Exactly retype the lines below from the one containing "Седан Volvo S60 2012 в" through the end of the listing. Leave pictures out.

-----

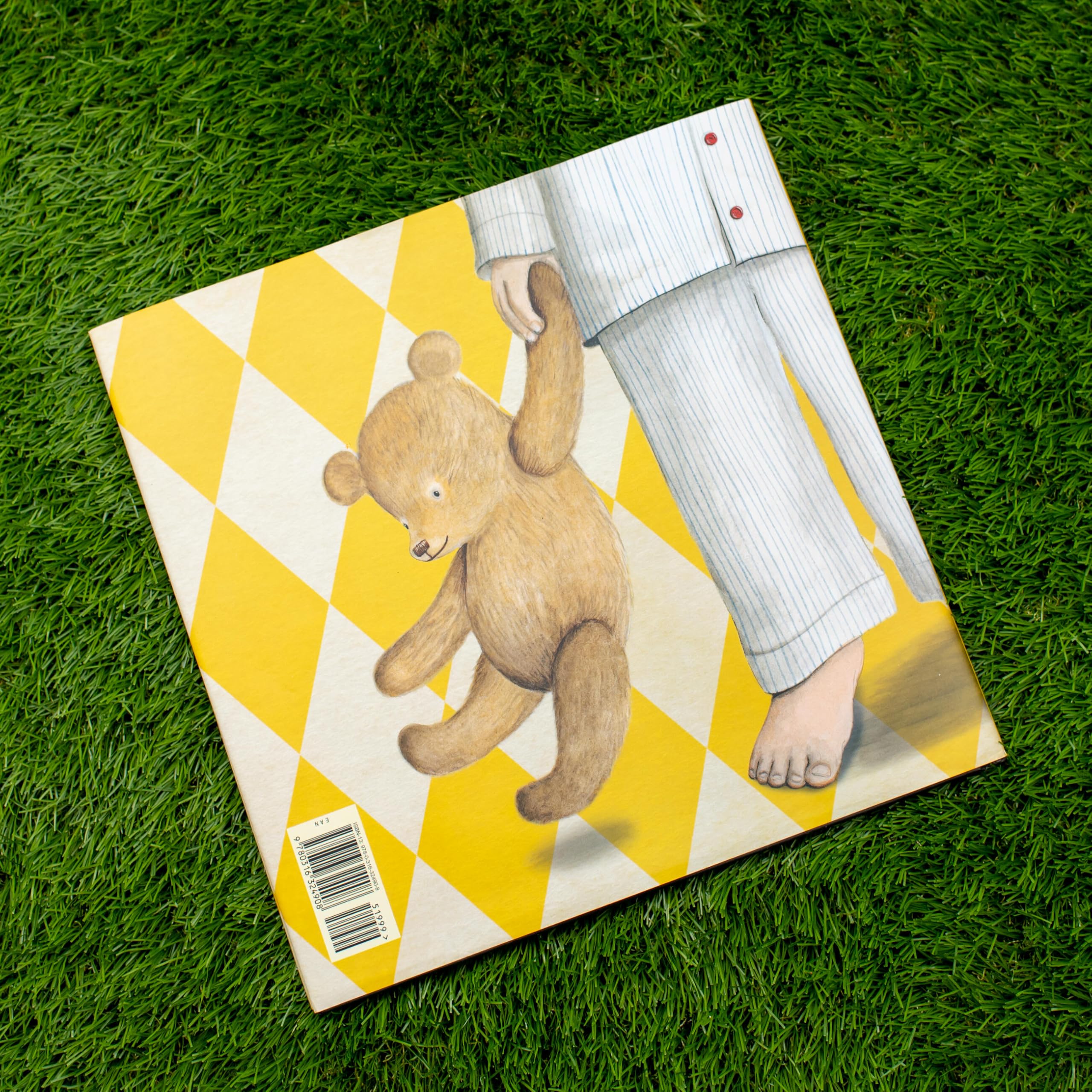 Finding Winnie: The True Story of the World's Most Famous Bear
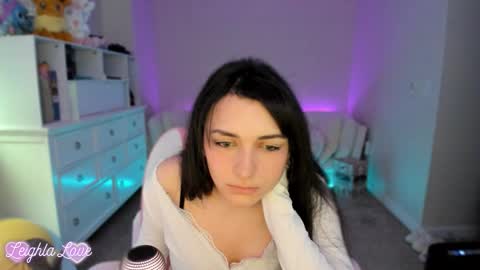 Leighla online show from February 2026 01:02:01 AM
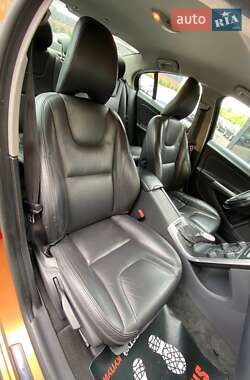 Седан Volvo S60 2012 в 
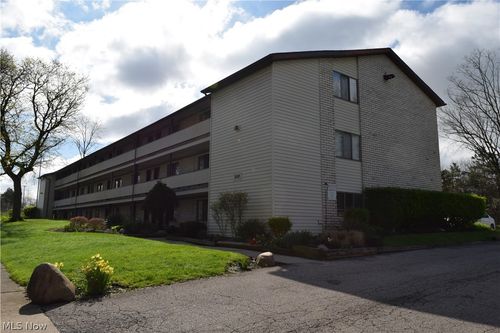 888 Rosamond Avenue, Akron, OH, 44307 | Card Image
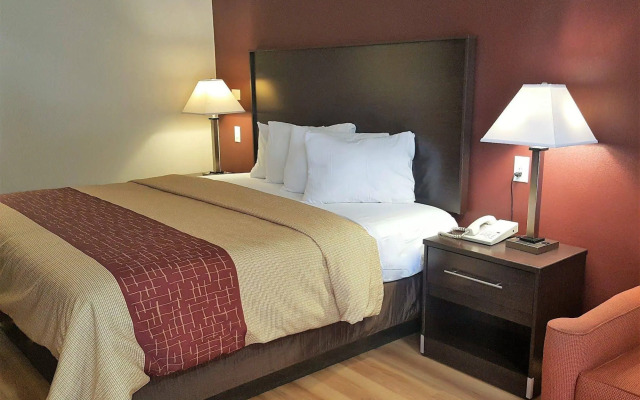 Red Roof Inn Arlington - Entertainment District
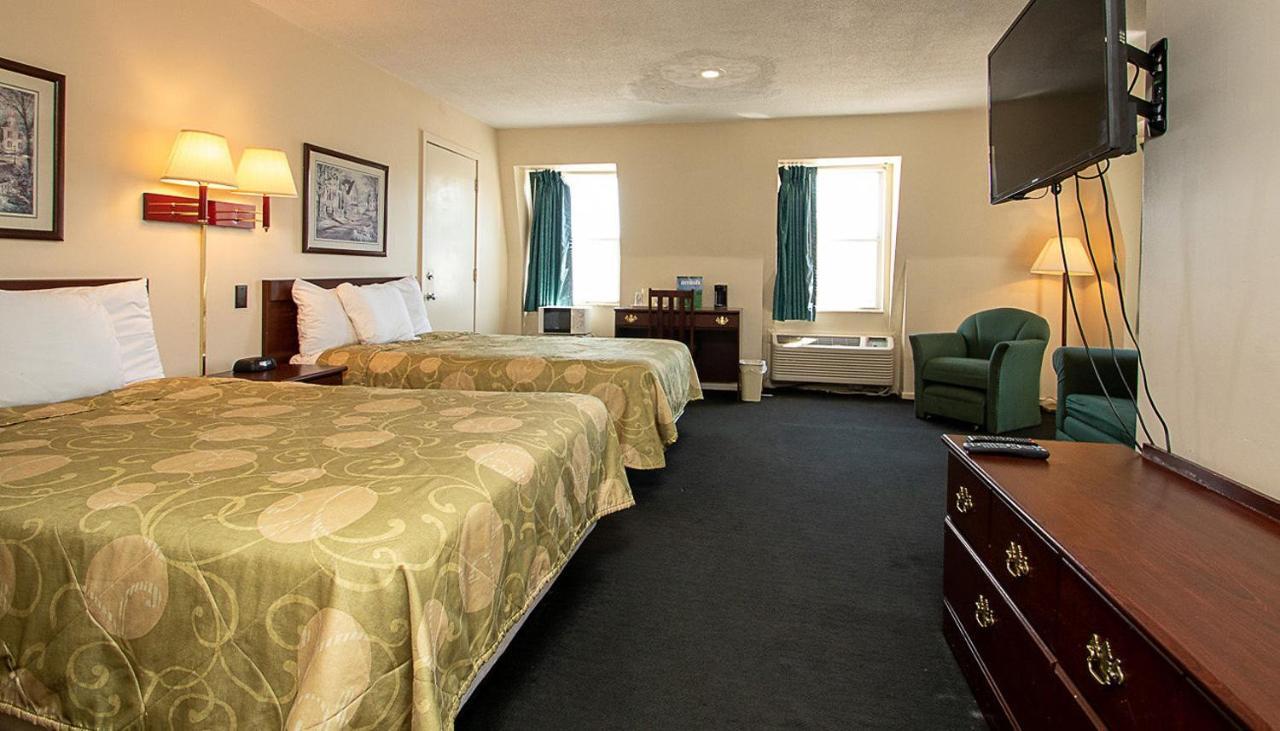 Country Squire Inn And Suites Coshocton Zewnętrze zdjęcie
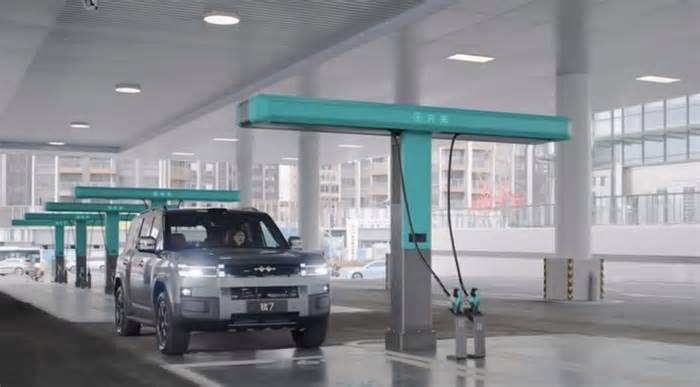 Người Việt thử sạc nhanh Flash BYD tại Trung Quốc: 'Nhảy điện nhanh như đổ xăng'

-----

:: SOLUTION ::
 Седан Volvo S60 2012 в 
 888 Rosamond Avenue, Akron, OH, 44307 | Card Image
 Red Roof Inn Arlington - Entertainment District
 Country Squire Inn And Suites Coshocton Zewnętrze zdjęcie
 Người Việt thử sạc nhanh Flash BYD tại Trung Quốc: 'Nhảy điện nhanh như đổ xăng'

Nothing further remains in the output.